Más adelante, ya en los años 80 y bajo mandato socialista, las políticas culturales democratizaron el acceso a la cultura, pero de rebote tuvieron el efecto pernicioso de neutralizar aquellas experiencias de autoorganización ciudadana en la gestión de la vida social y cultural de los barrios, y a la postre, convertirían la cultura en un producto de consumo.
Las conquistas sociales se alcanzaron reclamando derechos a la administración, reclamando equipamientos y servicios, pero también se alcanzaron tomándolos: mediante formas autónomas de organización se crearon espacios sociales, culturales y servicios públicos donde no había nada.

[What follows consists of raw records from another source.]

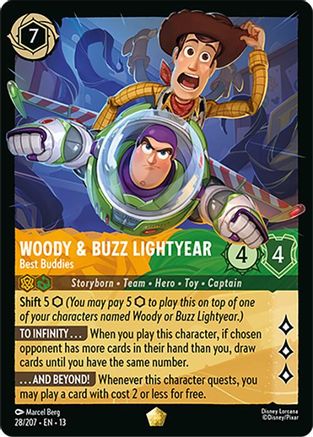 Woody & Buzz Lightyear - Best Buddies (28/204) - Attack of the Vine Cold Foil | Grognard Games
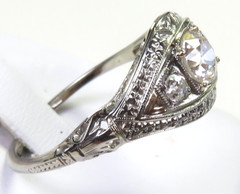 Antique 3 Diamond Filigree Engagement 14K-18KW Gold Ring Size 9 UK-R1/2 EGL USA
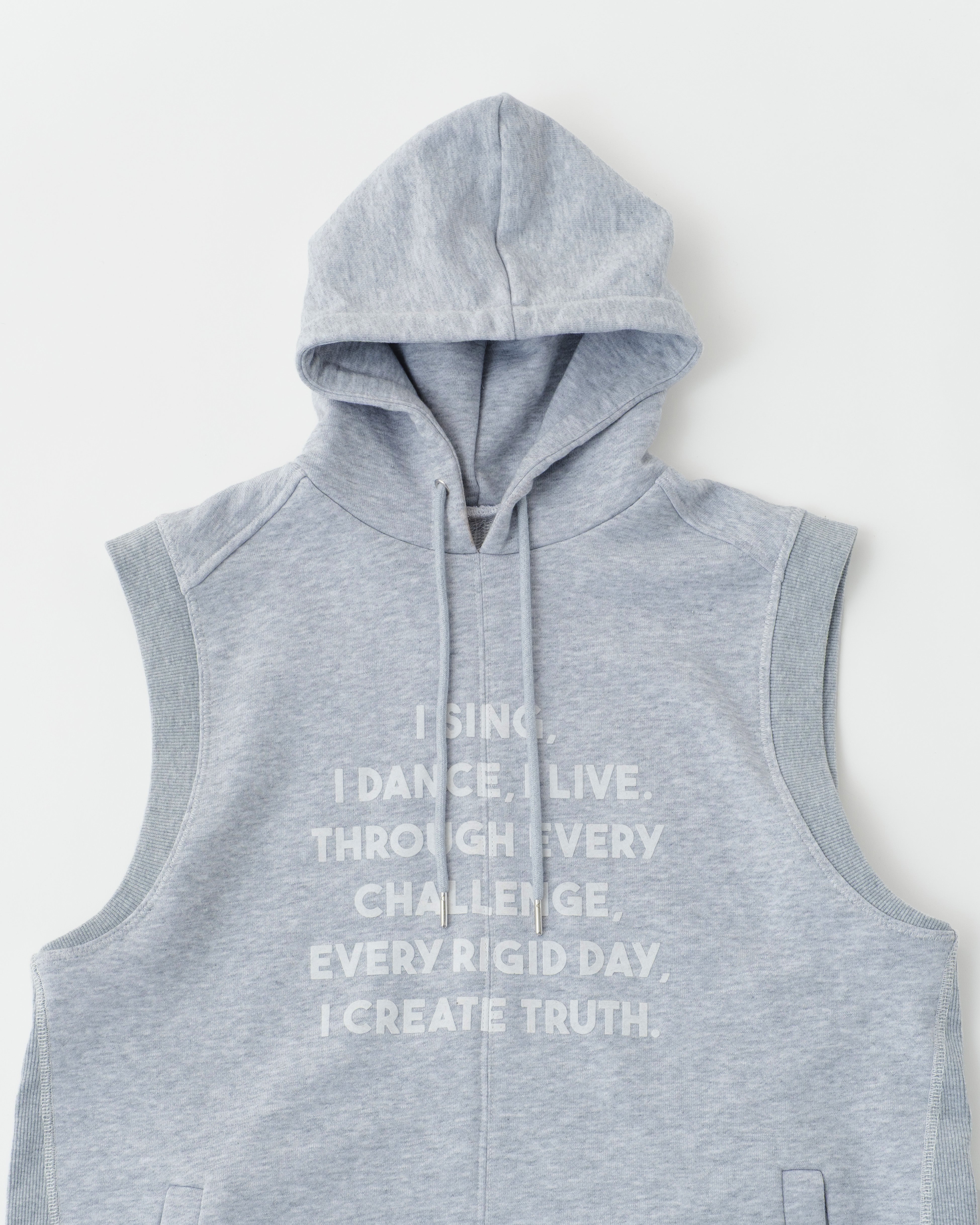 Flocky asymmetric hoodie vest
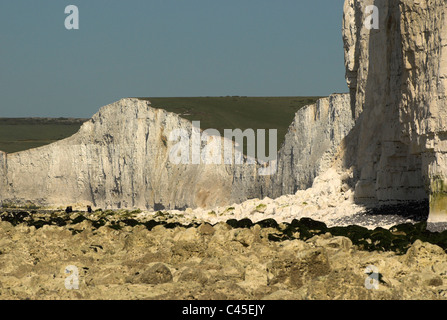 Mit Blick auf den Seven Sisters Klippen vom Strand in der Nähe von Birling Gap in den South Downs National Park. Stockfoto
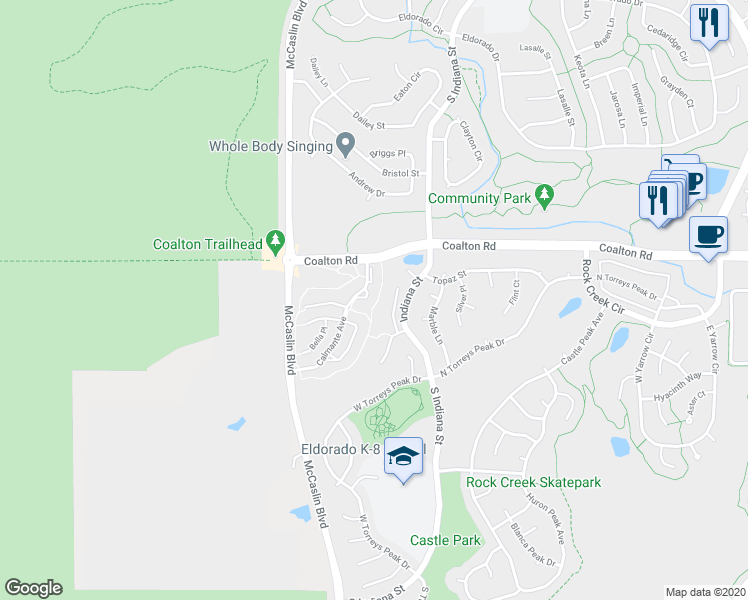 map of restaurants, bars, coffee shops, grocery stores, and more near 2758 Calmante Circle in Superior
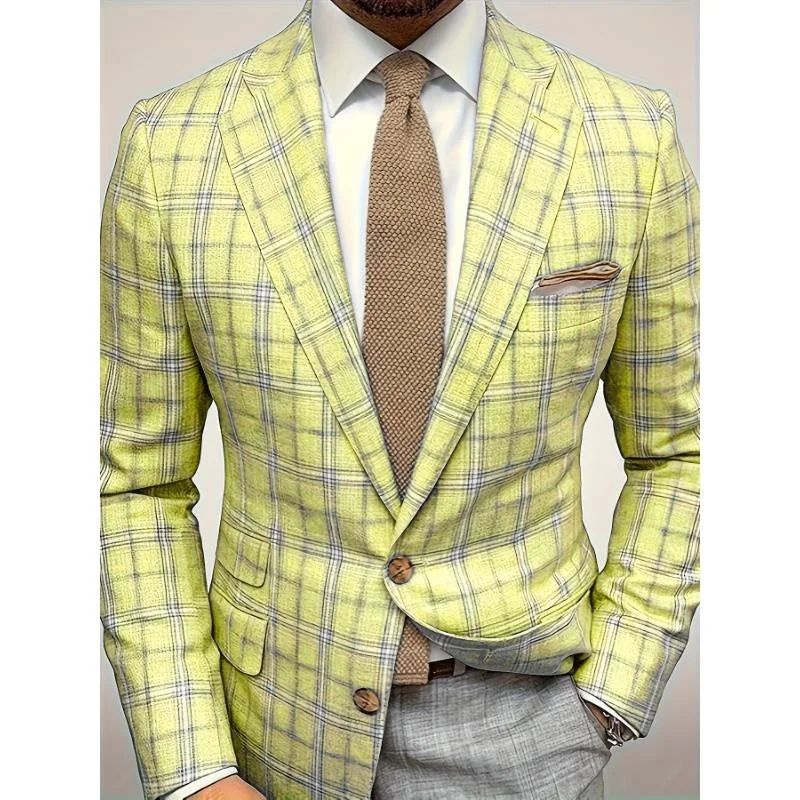 

Men's Striped Suit Jacket Slim Fit Business Warm Double Slit Back for Elderly Women Other Fabrics Other Styles Spring Business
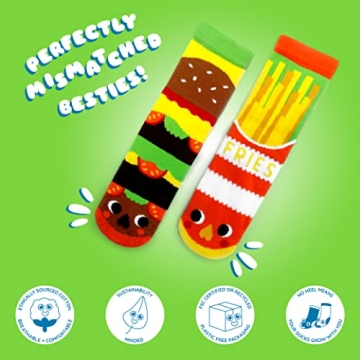 Pals Burgers & Fries Kids Crew Socks Non-Slip Fun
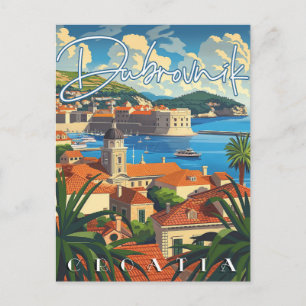 Dubrovnik Kroatien Vintage Reise Postkarte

Estas son cuestiones que apenas emergen en el relato de la historia del barrio y que no tienen una presencia sustancial en el imaginario colectivo. De hecho, en muchas ocasiones, hablando con vecinos y vecinas, la historia del barrio parece acabar a finales de los años 70. Pareciera que en aquel momento se hubiese alcanzado el grueso de las conquistas sociales y que todo lo que vino después no fuese digno de mención, que no mereciese ser narrado porque carece de la épica necesaria para crear consenso social.
La democracia se instauró al precio de un consenso que no era tal: en Bellvitge, de nuevo como en tantos otros barrios de las periferias urbanas y obreras del estado español, se oían entonces voces divergentes, grupos y movimientos «radicales» que no aceptaban el precio a pagar por la democracia; entre otros motivos porque el cambio de régimen no comportó una mejora inmediata y sustancial en las condiciones de vida de las clases más empobrecidas. El nuevo «espacio de convivencia y libertad» que abría la democracia, opuesto a la polarización ideológica que había llevado al país a la confrontación, se sustentaba —y se ha sustentado hasta hoy— en un régimen específico de representación que demarca aquello que es visible, decible y pensable.
No se trata de «reabrir heridas», haciendo uso de una expresión habitualmente empleada para sostener ese régimen de representación del que hablábamos, sino de incorporar la diferencia y la multiplicidad al relato o, mejor dicho, a los relatos.
Los hechos en los que se inspira «El boicot a las obras» constituyen uno de los mayores logros de las luchas vecinales en Bellvitge: gracias a las acciones de protesta se logró paralizar la construcción de 29 de los 32 edificios proyectados; sin embargo, esos tres edificios que finalmente sí fueron construidos pusieron de relieve las diferencias entre los sectores del barrio que aceptaron su construcción para no poner en riesgo las conquistas alcanzadas, y quienes abogaban por no ceder ni ápice en el cumplimiento del lema «Ni un bloque más», que había encabezado hasta entonces las protestas.
El pasado no es algo que tan sólo recordamos (para repetirlo o para no repetirlo); el pasado es algo que construimos y que actúa en el presente, que nos afecta ahora y que forma parte de nuestro devenir.